Louis Grumet, the state education department’s assistant commissioner for children with handicapping conditions, said he ordered the clandestine operation to test the city’s contention that it was unable to hire enough teachers to provide court-ordered programs for all of the students in the city who needed them.

In 1980-81, the city was allowed by Mr. Grumet’s office to add several students to each of its special-education classes when the district told the state it could not find enough qualified special-education teachers.

A $20 million savings, based on a similar class-size “variance,” was included in this year’s city budget, according to Mr. Grumet. But Mr. Grumet said that, after the undercover operation, the state refused to grant another class-size “variance.”

However, Alan Gartner, director of the city’s special-education division, insists the city did not intentionally refuse to hire special-education teachers out of a desire to reduce its costs.

In spite of the state education department’s apparent embarrassment of the city with the undercover plan, the two bureaucracies are co-defendants in a three-year-old class action suit (Jose P. vs Gordon M. Ambach, et al.) that has put the city under court order to comply with the state’s regulation that all handicapped children be tested and placed in special-education classes within 60 days of referral.

The state’s plan was disclosed in a brief filed last month in a Federal District Court in Brooklyn in connection with the so-called Jose P. case.

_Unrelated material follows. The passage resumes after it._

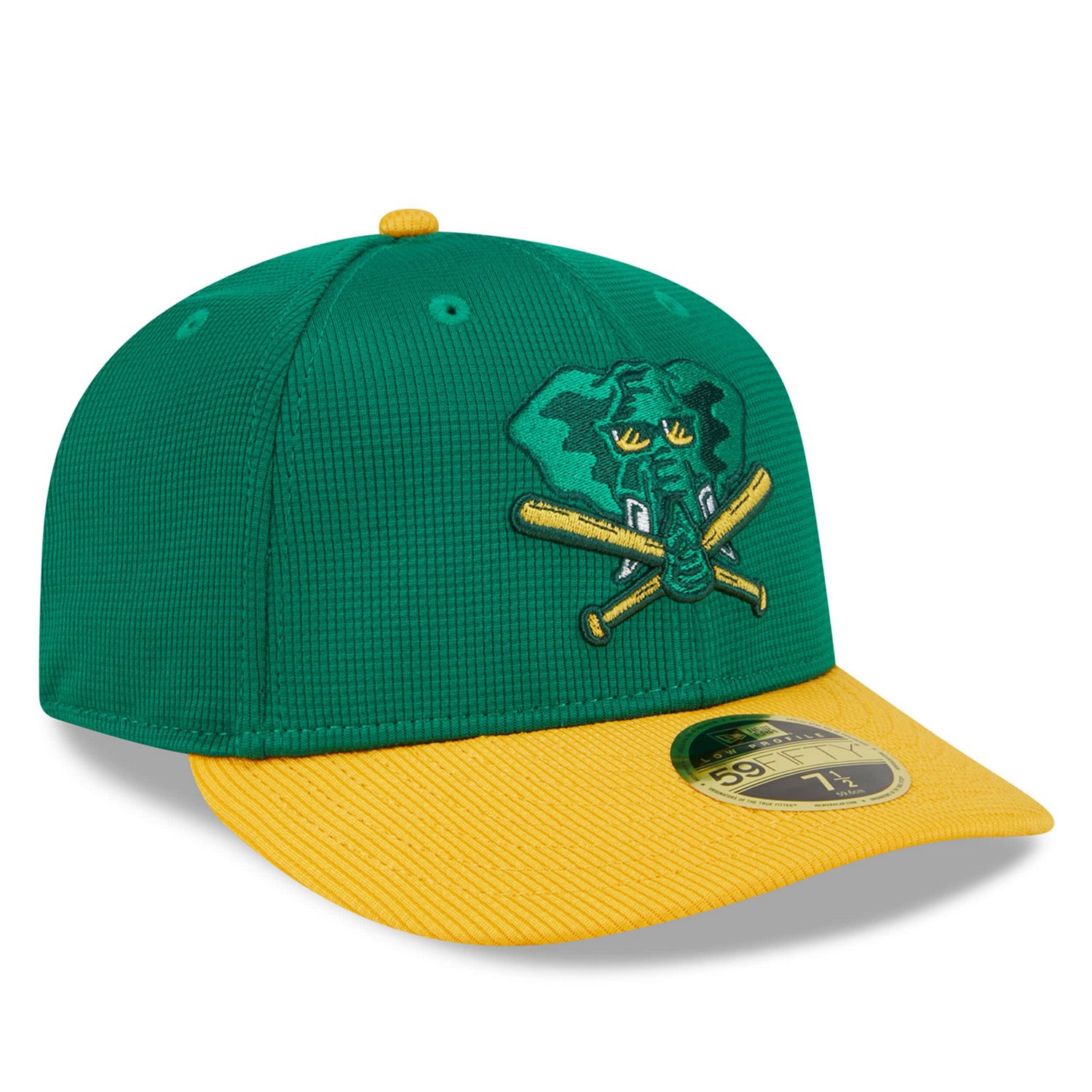 New Era Kelly Oakland Athletics 2024 Batting Practice Low Profile 59FIFTY Fitted Hat                                             - view number 3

In addition, the chancellor of the city’s schools, Frank J. Macchiarola, last week submitted a 39-page affidavit to the federal district judge presiding in the case, in which he charged that the 60-day placement requirement and the court’s close scrutiny of operational changes made by the city’s division of special education has encouraged an “assembly-line” system of dealing with the needs of handicapped children and has turned the special-education division into “an informal form of receivership,” with a “crippled ... capacity to innovate” and provide the most up-to-date services.

High Financial Stakes

The acrimonious relationships among state and city education officials and the federal court in New York illustrate, they point out, the legal and regulatory complexity, as well as the high financial stakes, involved in providing large-scale services in a relatively new and exceedingly expensive area such as special education, where debate continues over the best methods of identification and treatment of handicapping conditions.

The size of the city’s special-education program is staggering. With approximately 94,000 students, the division of special education has more children than the Cleveland public school system and would rank among the nation’s 20 largest school districts.

This school year, the city will spend $340 million on special education, including at least $125 million in special-education aid from the New York State Department of Education.

Mr. Grumet said that the city’s board of education was informed of the state’s clandestine operation while it was in progress. And he said that the plan was similar to the state education department’s undercover inspections of private vocational schools.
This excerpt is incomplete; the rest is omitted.